> [Task statement] Keeping every word the same, give again only the lines from the one with "Newton's Laws - Se1" through the end of the data, both included, and leave every picture out.

> [Dataset section]
╭──
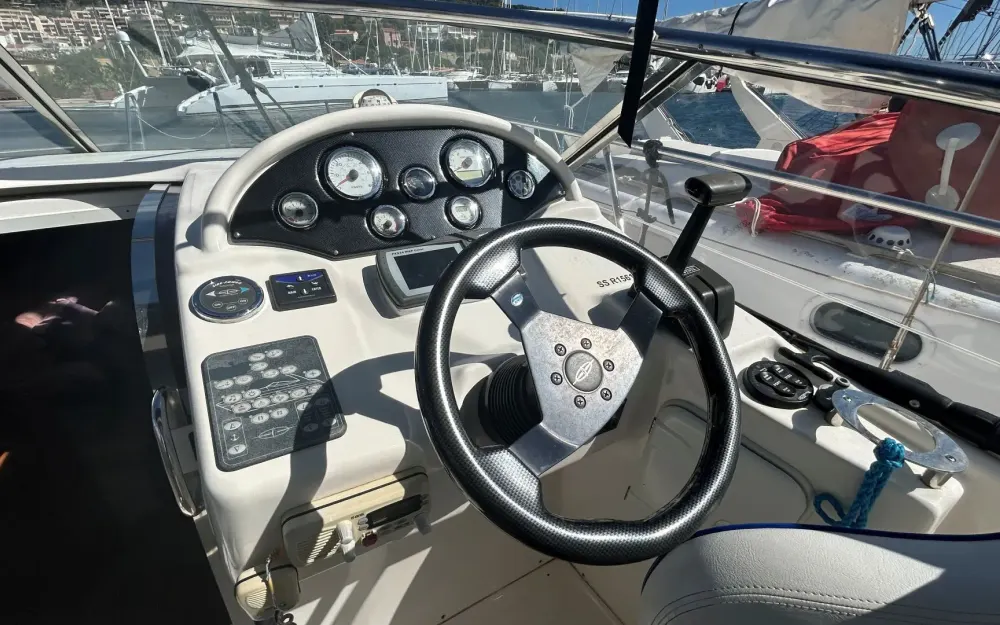 slider 3 Bavaria  27 Sport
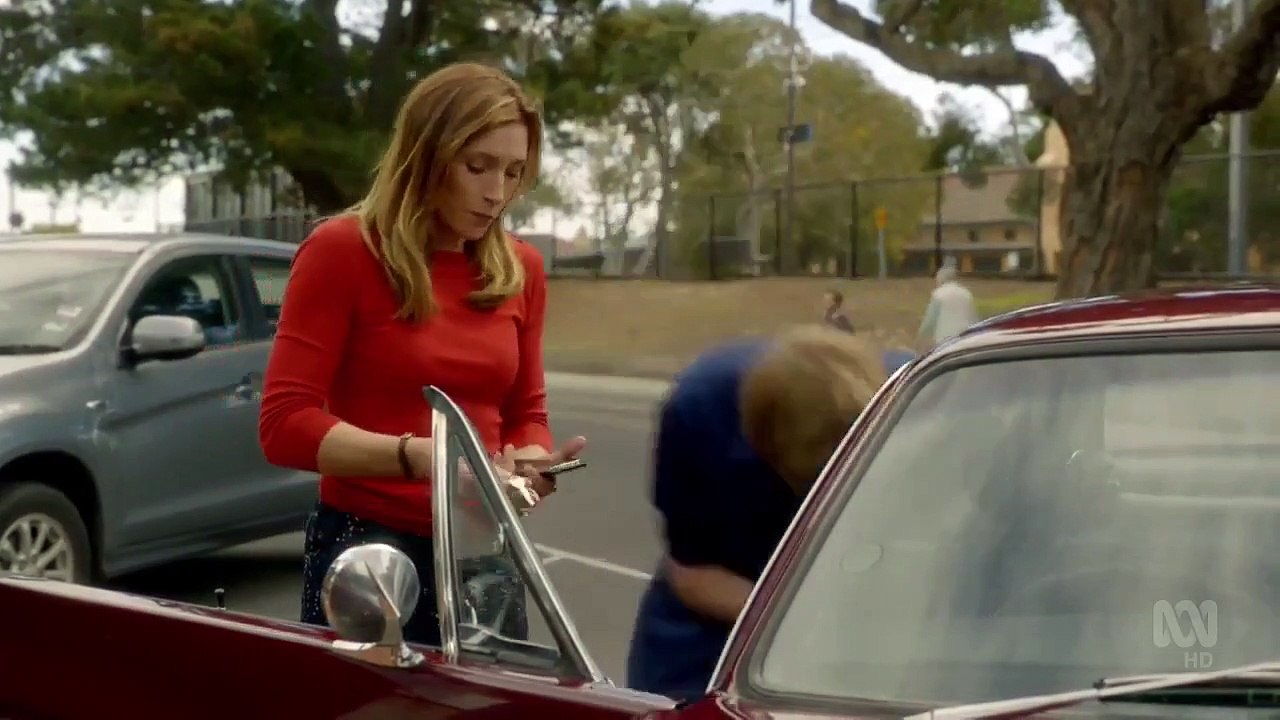 Newton's Laws - Se1 - Ep01 - External Forces HD Watch HD Deutsch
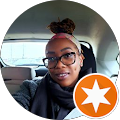 Flaviana N A-O's profile image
╰──
> [Answer to this problem]
 Newton's Laws - Se1 - Ep01 - External Forces HD Watch HD Deutsch
 Flaviana N A-O's profile image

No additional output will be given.